**Provided data**.
▬▬▬▬▬▬▬▬▬▬

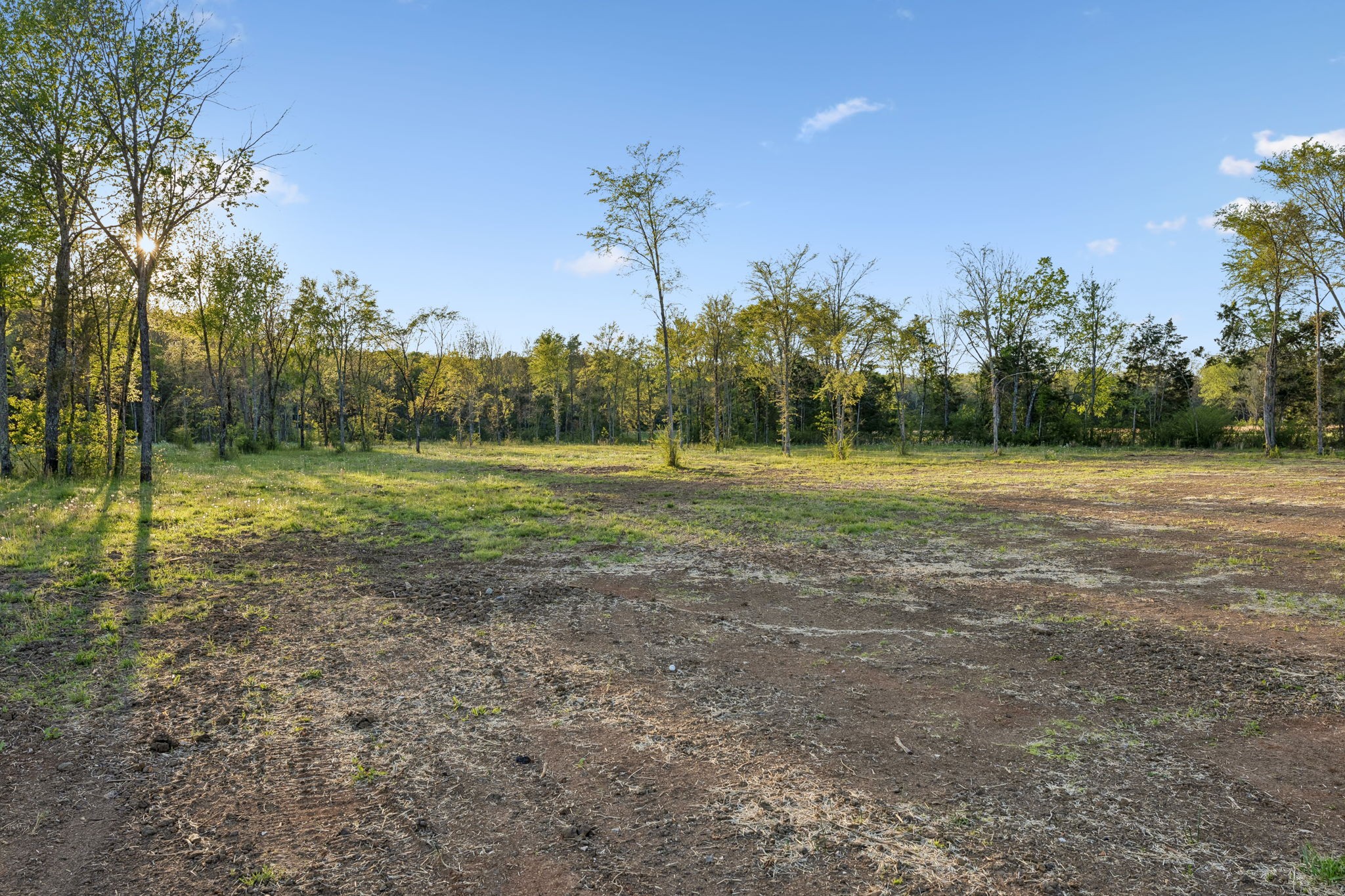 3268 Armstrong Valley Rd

▬▬▬▬▬▬▬▬▬▬

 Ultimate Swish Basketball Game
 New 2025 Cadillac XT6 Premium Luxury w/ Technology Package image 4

▬▬▬▬▬▬▬▬▬▬

**Work task**.
Among the entries above, copy exactly only the lines starting with the one containing "Ultimate Swish Basketball Game" and going through the one containing "New 2025 Cadillac", both ends included.

**Exercise answer**.
 Ultimate Swish Basketball Game
 New 2025 Cadillac XT6 Premium Luxury w/ Technology Package image 4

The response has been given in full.